[Extracted data entries]
::::::

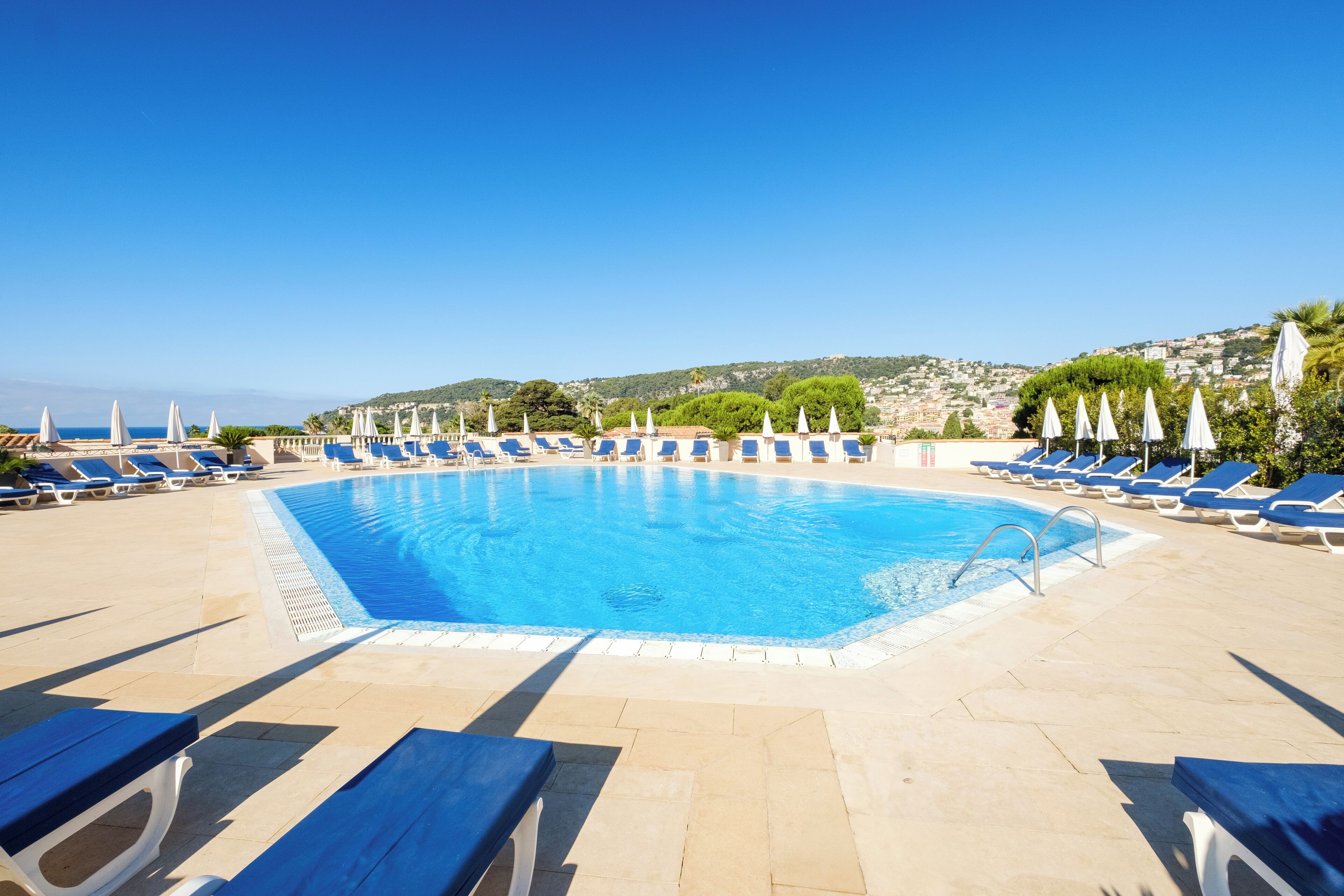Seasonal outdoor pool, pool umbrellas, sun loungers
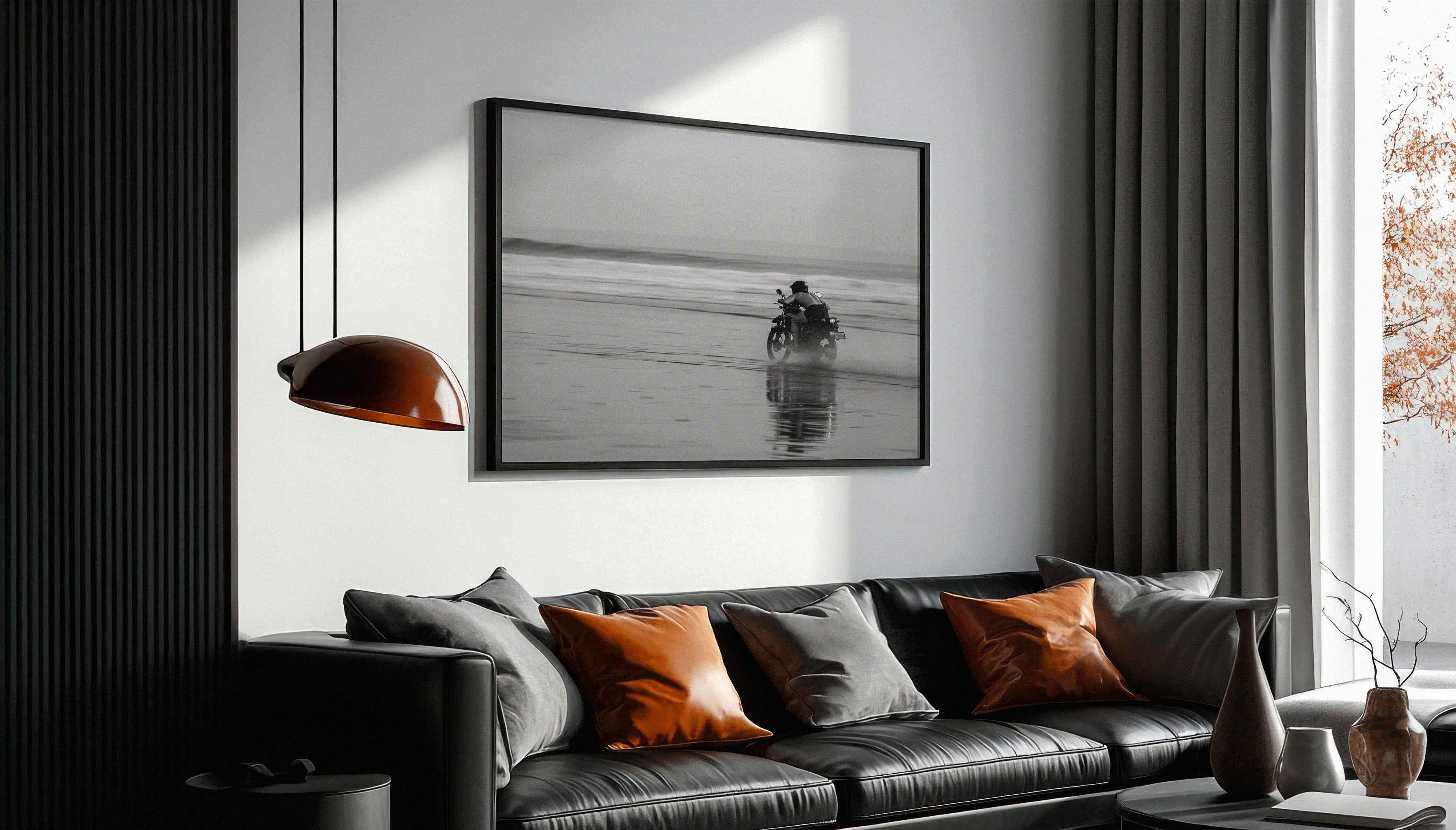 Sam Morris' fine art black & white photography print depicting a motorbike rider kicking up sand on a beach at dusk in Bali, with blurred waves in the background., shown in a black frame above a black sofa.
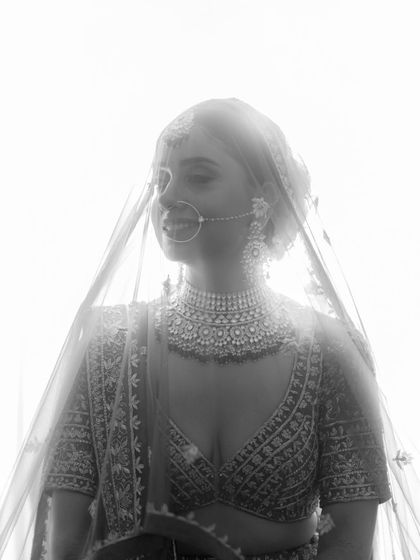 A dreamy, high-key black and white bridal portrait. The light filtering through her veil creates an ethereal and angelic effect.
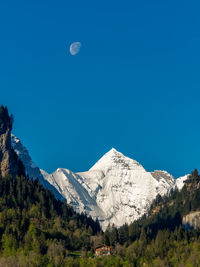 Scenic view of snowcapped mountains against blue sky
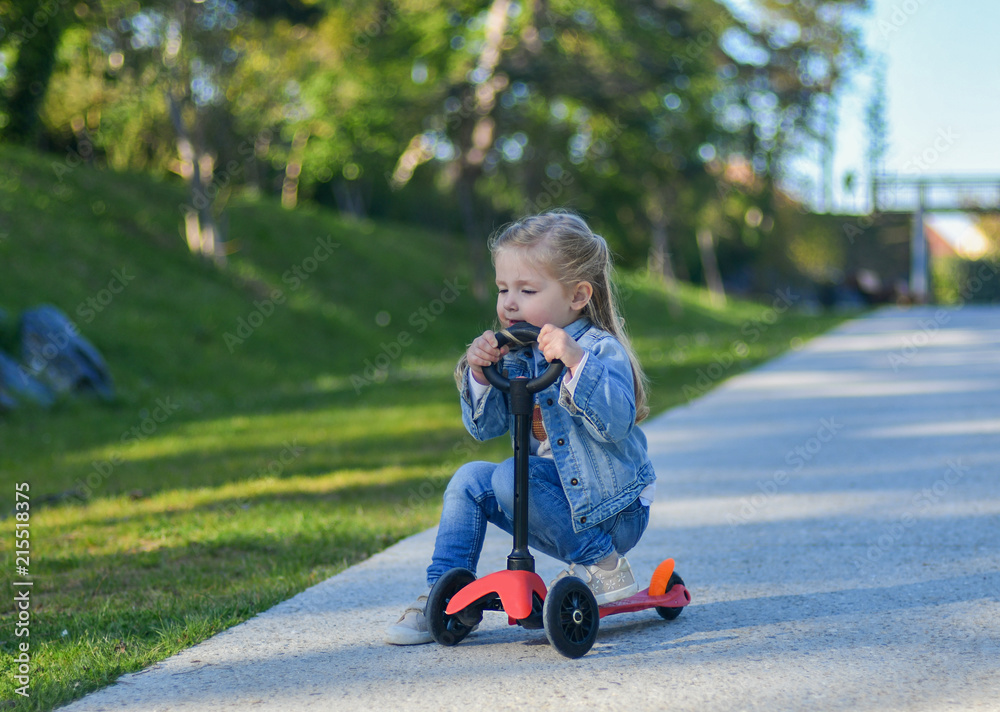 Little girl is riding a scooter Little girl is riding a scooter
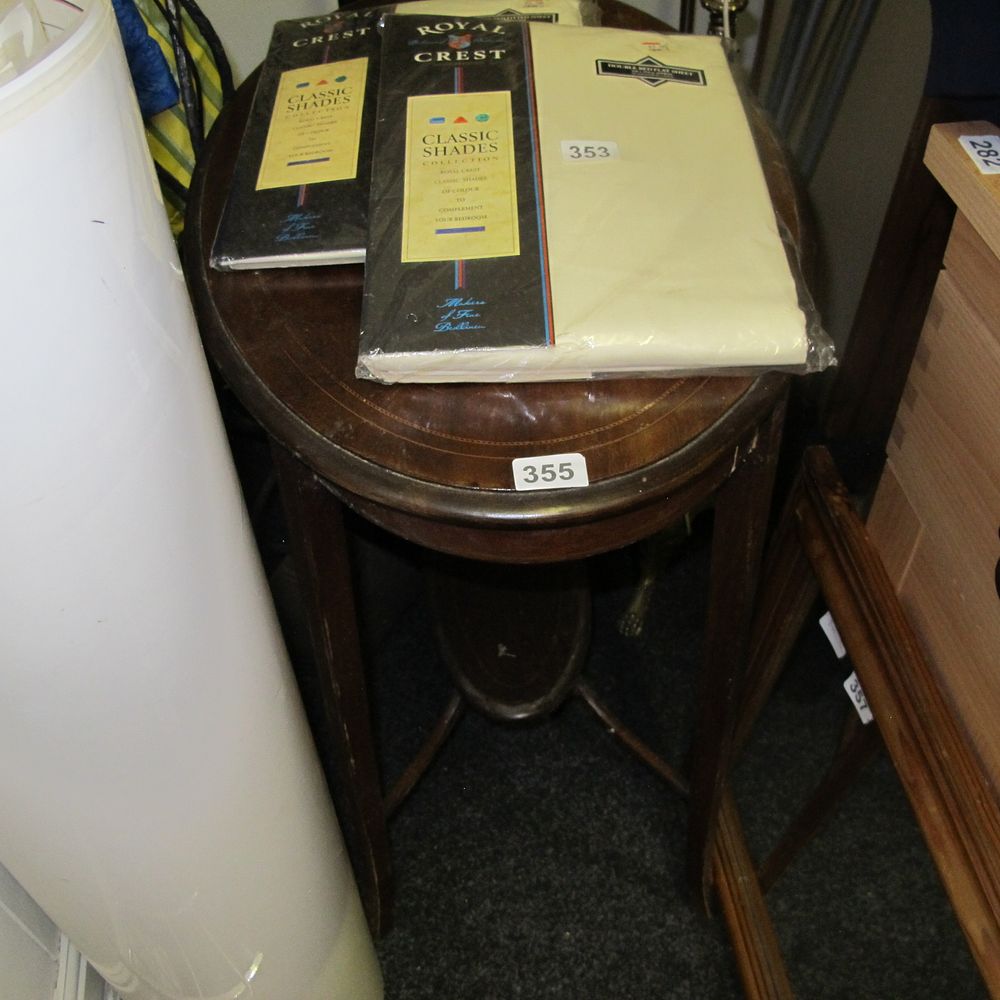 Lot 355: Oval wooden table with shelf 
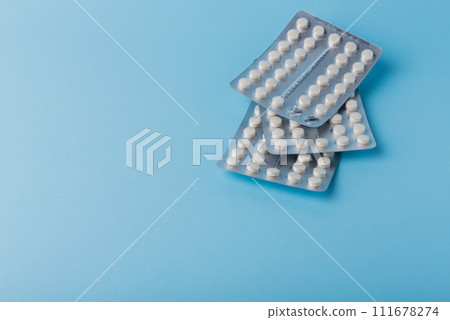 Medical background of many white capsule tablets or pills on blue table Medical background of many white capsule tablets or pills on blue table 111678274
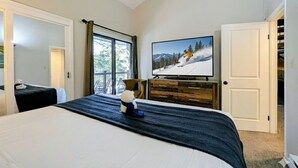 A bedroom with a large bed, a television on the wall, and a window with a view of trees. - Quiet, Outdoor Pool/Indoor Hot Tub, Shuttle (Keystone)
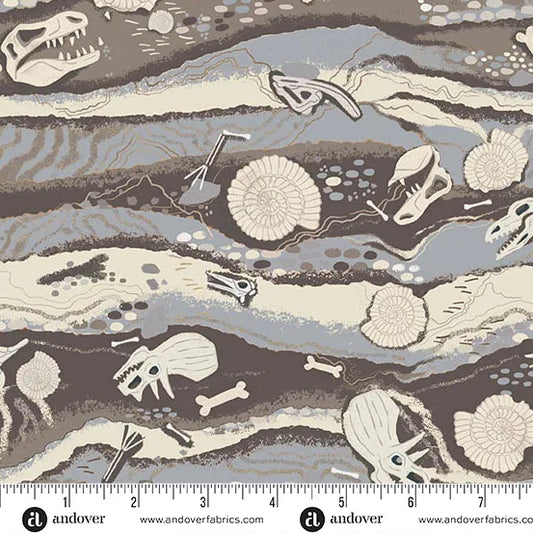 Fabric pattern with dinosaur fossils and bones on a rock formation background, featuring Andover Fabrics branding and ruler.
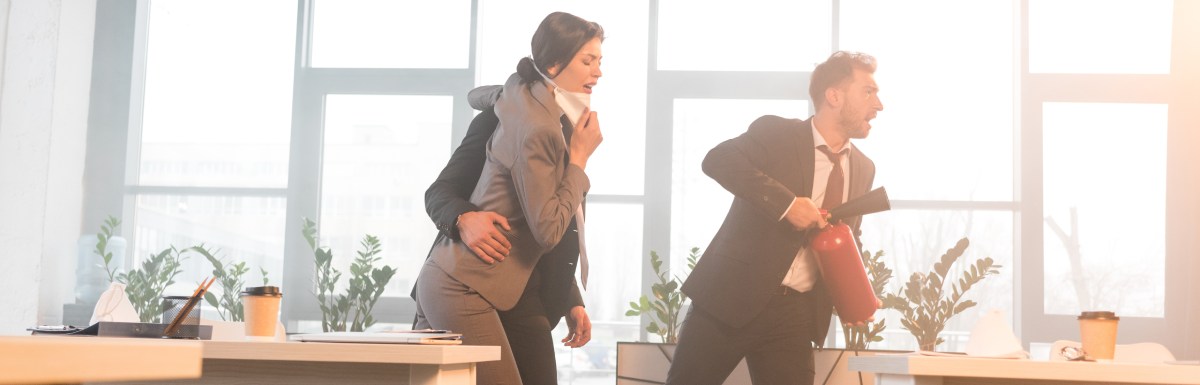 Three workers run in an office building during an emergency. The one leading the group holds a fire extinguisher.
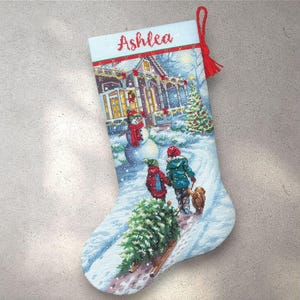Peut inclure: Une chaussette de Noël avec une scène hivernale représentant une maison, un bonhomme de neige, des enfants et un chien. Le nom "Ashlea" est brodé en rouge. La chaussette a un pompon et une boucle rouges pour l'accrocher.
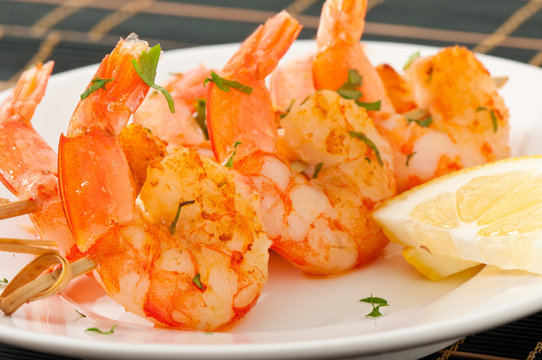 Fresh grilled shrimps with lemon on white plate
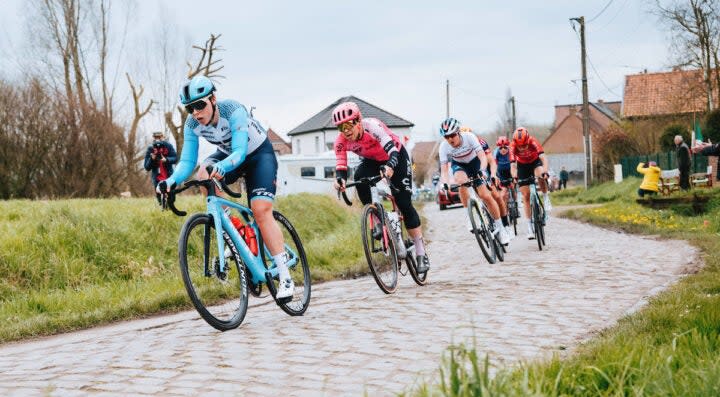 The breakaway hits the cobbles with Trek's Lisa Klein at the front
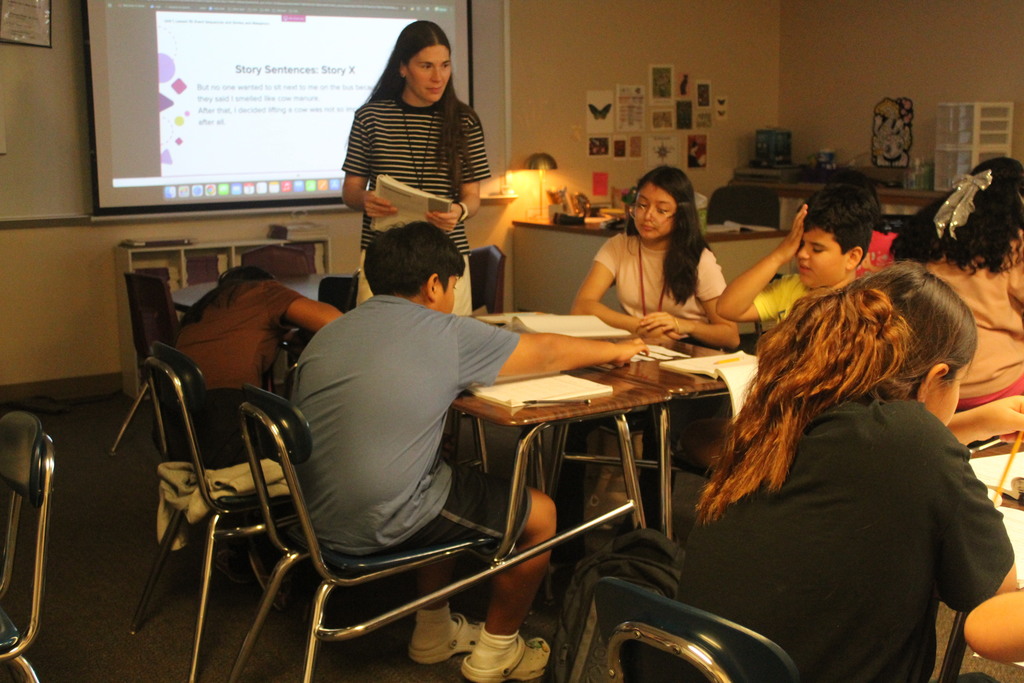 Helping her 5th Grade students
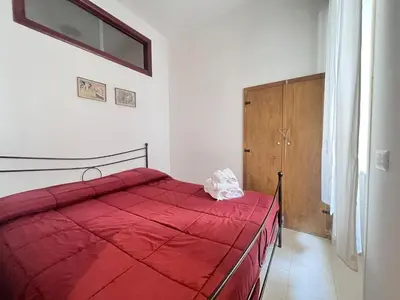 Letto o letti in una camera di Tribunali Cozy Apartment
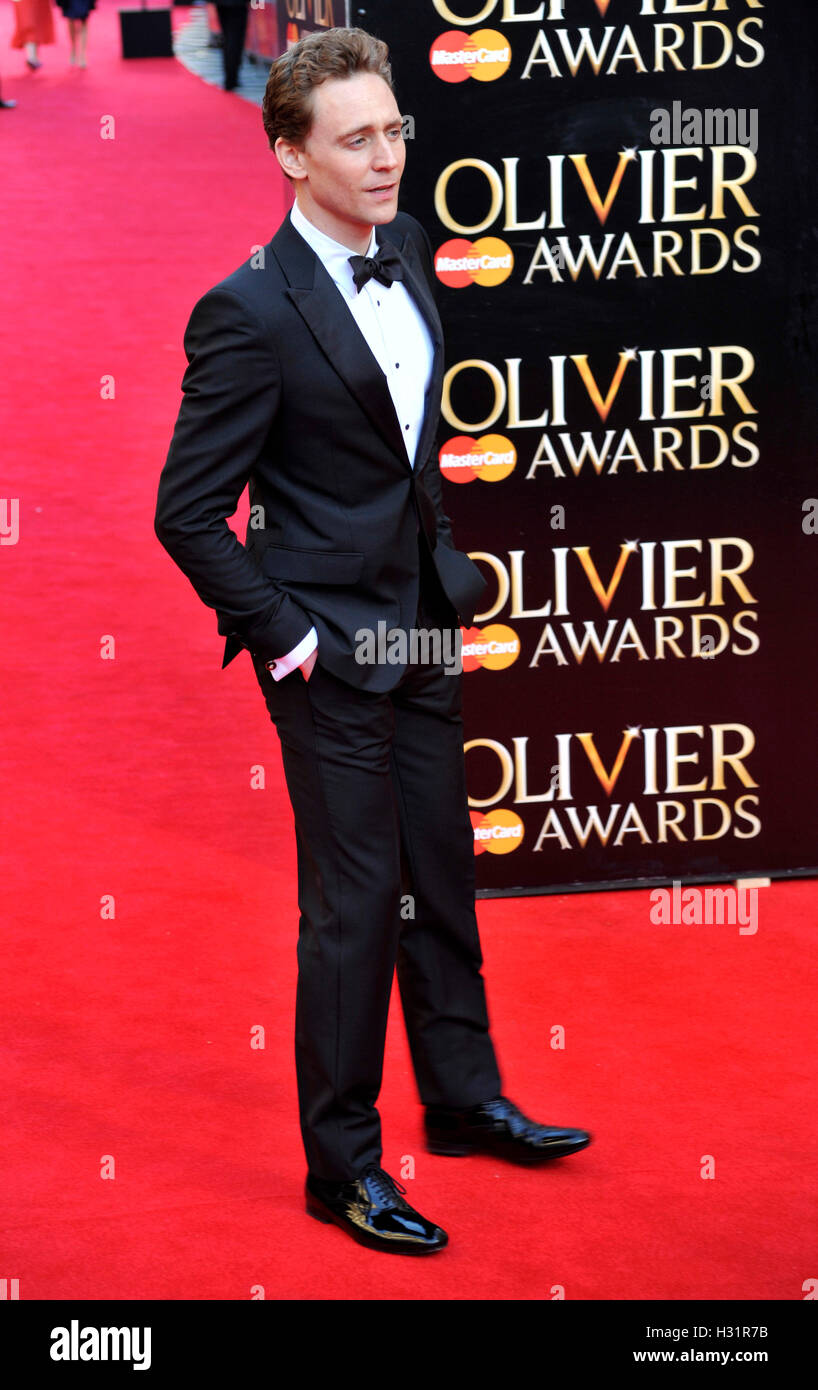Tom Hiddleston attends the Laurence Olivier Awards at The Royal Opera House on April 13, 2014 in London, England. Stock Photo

::::::

Assignment: Copy only what runs above from the line containing "blue table 111678274" through the line containing "Peut inclure: Une", exactly. Leave out the pictures.

Exercise output:
 Medical background of many white capsule tablets or pills on blue table Medical background of many white capsule tablets or pills on blue table 111678274
 A bedroom with a large bed, a television on the wall, and a window with a view of trees. - Quiet, Outdoor Pool/Indoor Hot Tub, Shuttle (Keystone)
 Fabric pattern with dinosaur fossils and bones on a rock formation background, featuring Andover Fabrics branding and ruler.
 Three workers run in an office building during an emergency. The one leading the group holds a fire extinguisher.
Peut inclure: Une chaussette de Noël avec une scène hivernale représentant une maison, un bonhomme de neige, des enfants et un chien. Le nom "Ashlea" est brodé en rouge. La chaussette a un pompon et une boucle rouges pour l'accrocher.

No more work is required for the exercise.